The Human Trafficking Reporting Act amendment would label human trafficking offenses as “Part I violent crimes” for purposes of the FBI’s Uniform Crime Reports. Since grant funding is often tied to the number of “Part I violent crimes” in a given jurisdiction, this change will encourage law enforcement agencies nationwide to train their officials to detect and deter human trafficking while helping the public to gain a better understanding of the size and scope of the human trafficking epidemic. In addition, this amendment will help identify victims of this crime so they can seek justice.
“This amendment will expand the definition of Part I violent crimes to include severe forms of human trafficking and will encourage law enforcement agencies to fight this scourge,” Blumenthal said. “Training more officers to detect and deter human trafficking will increase the likelihood that victims of this crime will get the justice they deserve.”

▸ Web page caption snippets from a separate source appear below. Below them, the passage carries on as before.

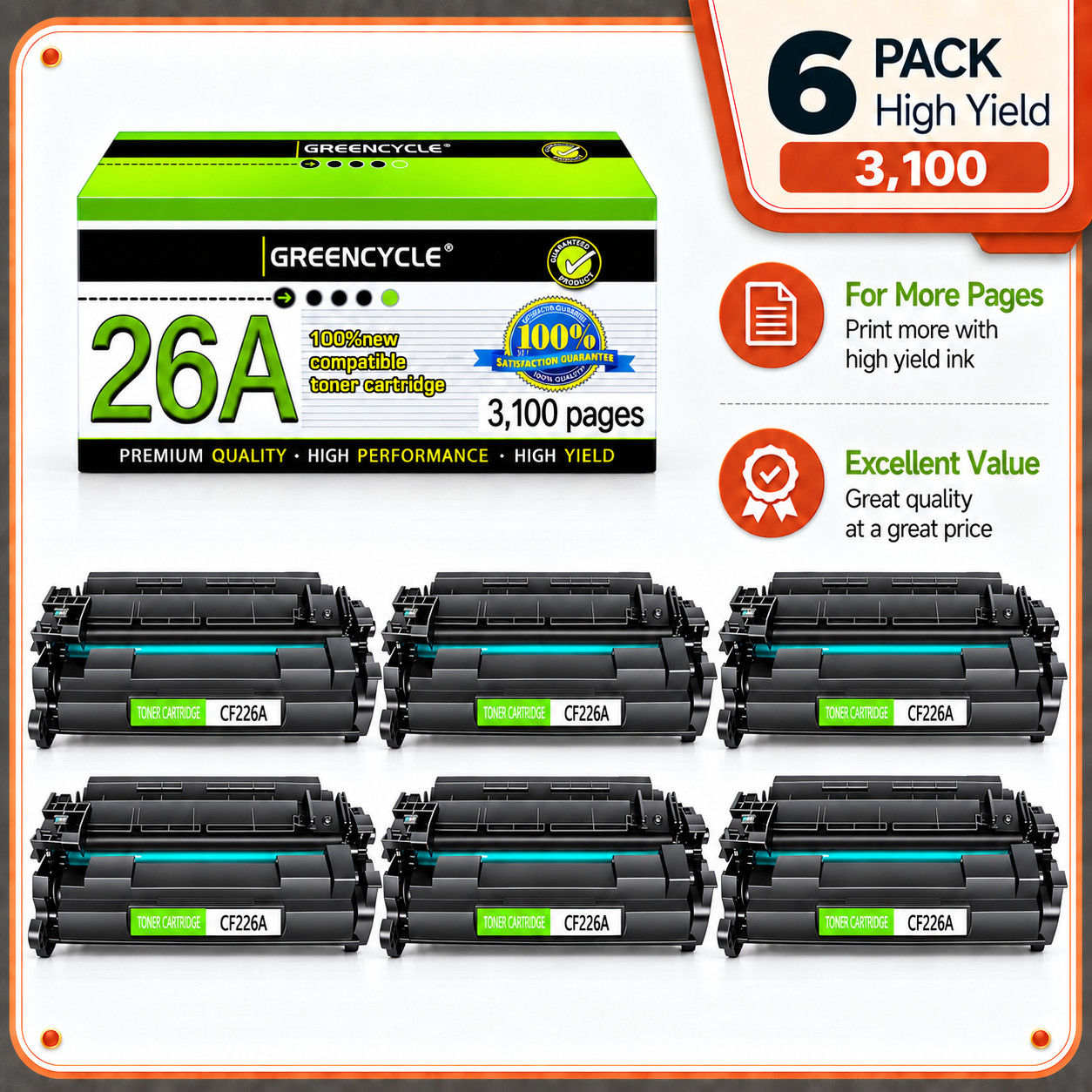 GREENCYCLE 6 Pack 26A CF226A Toner Cartridge for HP M402n M402dn M426fdw M426fdn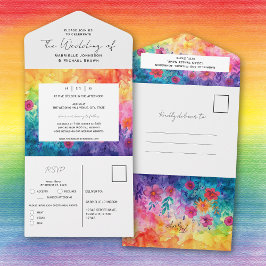 Bright Watercolor Gradient Meadow Flowers ウェディング  オールインワン招待状
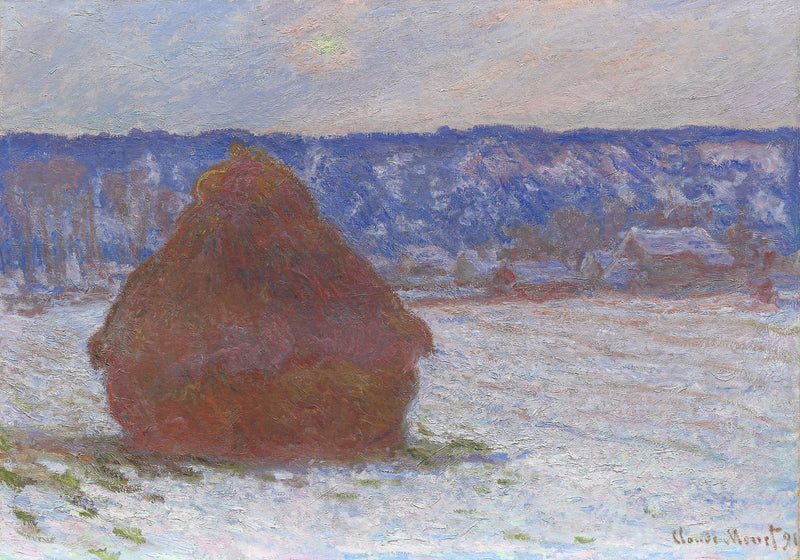Roda de moagem, efeito de neve, tempo nublado W1281 - Claude Monet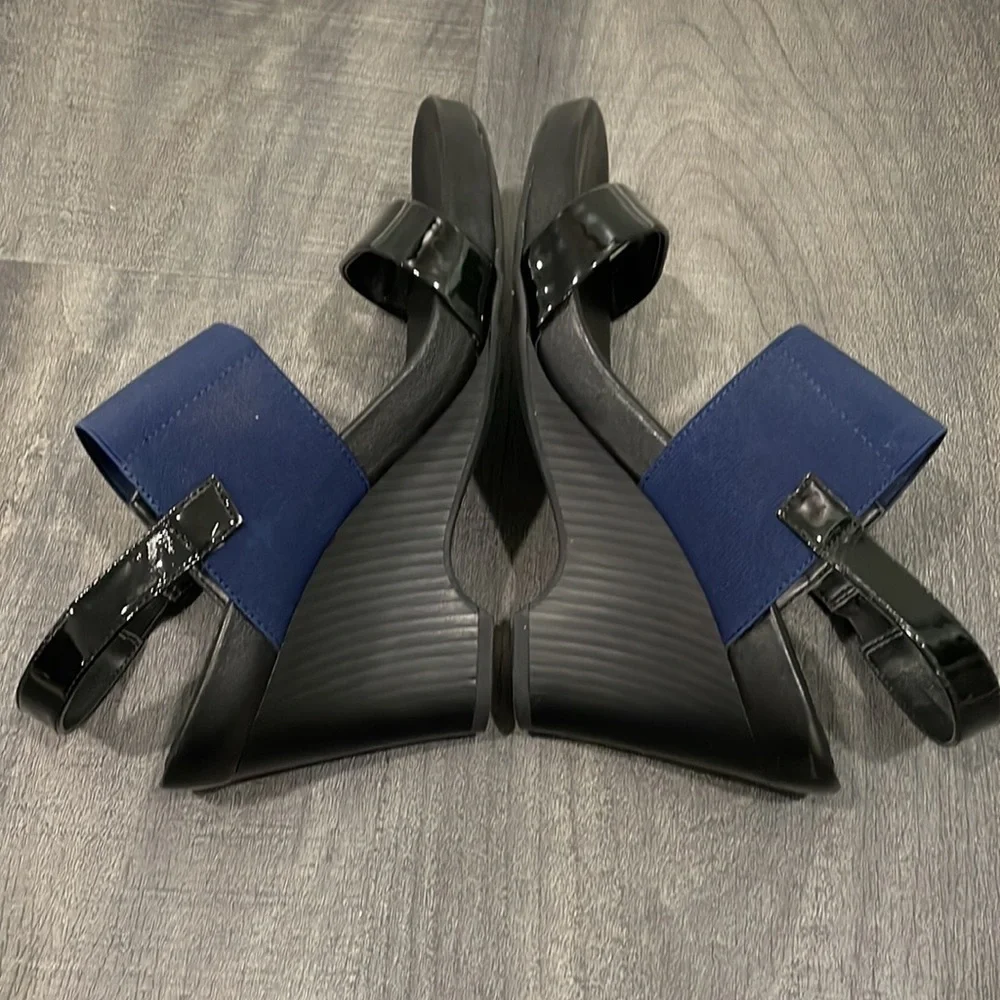 The Flexx blue & black give a lot wedge sandals size 9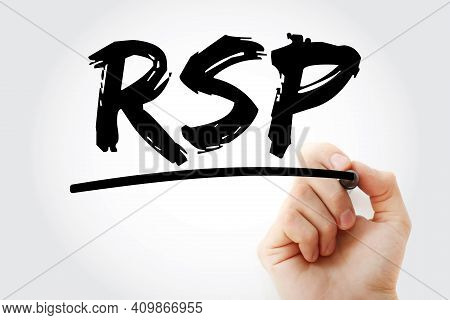 Rsp - Retail Selling Price Acronym With Marker, Business Concept Background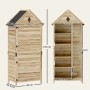 Outsunny Gartenschrank aus Tannenholz, naturbelassen, mit Maßen. Werkzeugschrank mit Regalen.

Blumenthal also announced that he’s sponsoring three amendments to the immigration bill that are intended to fight human trafficking and foreign labor recruitment abuses. The first amendment strengthens private enforcement of anti-trafficking protections already included in the bill. The second amendment requires the Department of Homeland Security to consult with the Department of Labor when developing regulations authorized by the bill that pertain to anti-human trafficking and foreign labor recruiter provisions. The third amendment enhances disclosure and transparency provisions of the anti-human trafficking and foreign labor recruiter provisions in the immigration bill.
“Too often immigrants are promised work by labor recruiters only to be forced into a life of modern-day slavery and indentured servitude,”Blumenthal said. “In some cases, these workers are told that their temporary worker visas will be paid for by their employers only to be hit with these fees down the road. Workers who experience this and other forms of exploitation should have the ability to protect their rights. These amendments will help them do so..”
Below is a list of the anti-human trafficking and foreign labor recruitment amendments that Blumenthal is sponsoring:
Blumenthal 3 – Recruiter Lawsuits: This amendment makes the anti-human trafficking and foreign labor recruiter provisions in S.744 more effective by allowing workers who have been victims of recruiter violations to seek recourse against their employer, if, and only if, the employers have chosen to contract with an unregistered, unregulated foreign labor recruiter.
Blumenthal 4 – Recruiter Regulations: This amendment requires the Department of Homeland Security to consult with the Department of Labor when developing regulations to implement the anti-human trafficking and foreign labor recruiter provisions of S.744 (Title III, Subtitle F).
Blumenthal 5 – Trafficking/Recruiter Transparency: This amendment enhances the disclosure and transparency provisions of the anti-human trafficking and foreign labor recruiter provisions of S.744 (Title III, Subtitle F). The amendment also requires foreign labor recruiters to inform recruited temporary workers of plans regarding the renewal of a temporary worker visa and of their right not to have their contract changed without their informed consent. In addition, the amendment requires employers who use foreign labor recruiters to report who is responsible for paying the recruiter. Finally, this amendment makes other technical changes to Title III, Subtitle F.